Type out the lines below exactly, pictures excluded.

- [RECORDED DATA]
▼▼▼
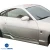 FRP ING Body Kit 4pc > Nissan Murano 2003-2007 - image 38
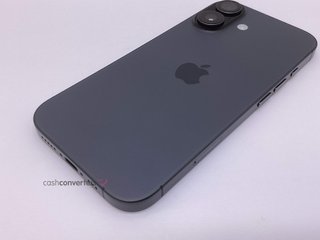apple iphone 17 256gb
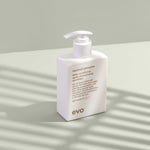 evo Normal Persons Daily Conditioner 300 ml – Ansicht 3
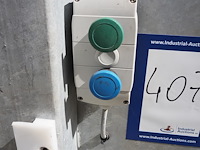 Dsi freezing solutions - afbeelding 3 van  12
▲▲▲
- [TASK SOLUTION]
 FRP ING Body Kit 4pc > Nissan Murano 2003-2007 - image 38
apple iphone 17 256gb
 evo Normal Persons Daily Conditioner 300 ml – Ansicht 3
 Dsi freezing solutions - afbeelding 3 van  12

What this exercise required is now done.